J. Z. : « La vie intime de Esma n’est pas dialoguée et peut être exprimée avec plus de profondeur par la musique qui trouve là une fonction dramatique. Les Ilahijas, qui sont des chansons dédiées à Dieu, expriment ses sentiments et poussent Esma à parler. En contraste avec la sensibilité des Ilahijas, nous avons l’agressivité et le rythme de la musique turbo folk, très spécifique des Balkans modernes. (le turbo folk est un genre musical né en Serbie. Il constitue le genre musical dominant de l’ère Milosevic, souvent associé à la guerre, la mafia et la culture machiste qui l’ont accompagné. Il reste encore très populaire aujourd’hui). Dans d’autres scènes, la musique pour mettre en opposition les émotions de Esma et de Sara ou bien comme élément intégrant de leur environnement. Le film s’achève sur une chanson populaire "Sarajevo, mon amour", souvent chantée lors des voyages scolaires. C’est un morceau enlevé qui met en valeur les sentiments de Sara. Lorsque Sara chante avec les autres, cela l’aide à se sentir en harmonie avec ses pairs. Les paroles suggèrent le possible retour de Sara, même si je voulais que la fin reste ouverte. »

- : « Bien que l’histoire d’Esma et de Sara soit essentiellement triste, elle est également très optimiste.
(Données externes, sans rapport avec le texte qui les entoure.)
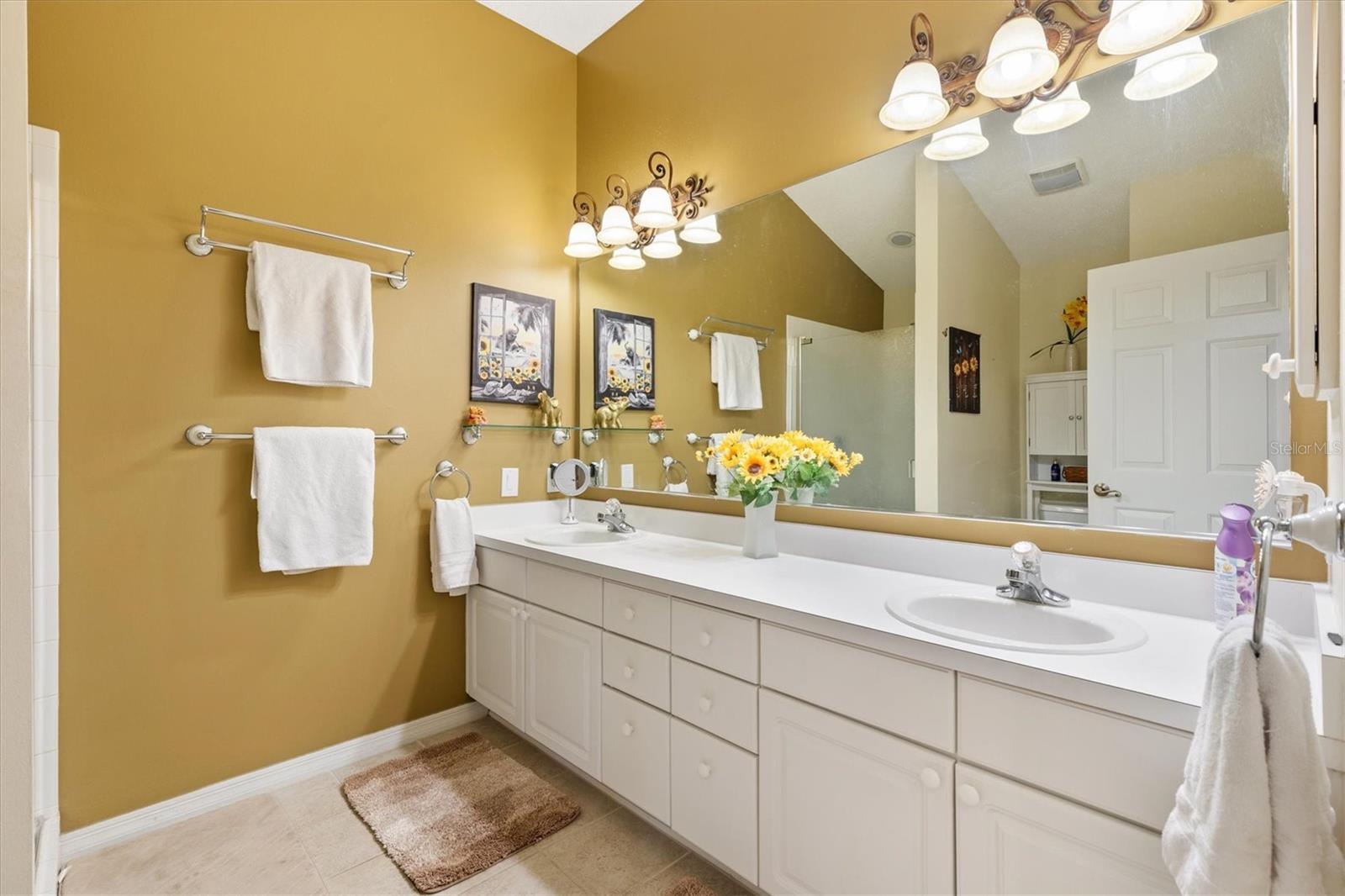 1042 Soledad Way Property Photo 25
Peut-on envisager un possible pardon envers le père de Sara ? »

J. Z. : « Je pense qu’avant cela, il faut qu’il y ait repentir de la part des criminels de guerre, puis ensuite pardon de la part des victimes. L’un des problèmes en Bosnie Herzégovine est que peu de gens se repentent de ce qui est arrivé. Plus de 100.000 personnes ont été tuées, 1.000.000 expulsées – et pratiquement pas de pénitence. D’un autre côté, il est interessant de constater que le sentiment de vengeance n’existe pratiquement pas, ce qui est une grande victoire pour notre société. Je crois qu’Esma ne pense ni au pardon ni à la vengeance. Sara est une victime, mais également la mémoire du crime. Notre avenir est fait de la reconnaissance de ces deux composantes, puisque toutes deux font partie de nous. Elles sont en nous. »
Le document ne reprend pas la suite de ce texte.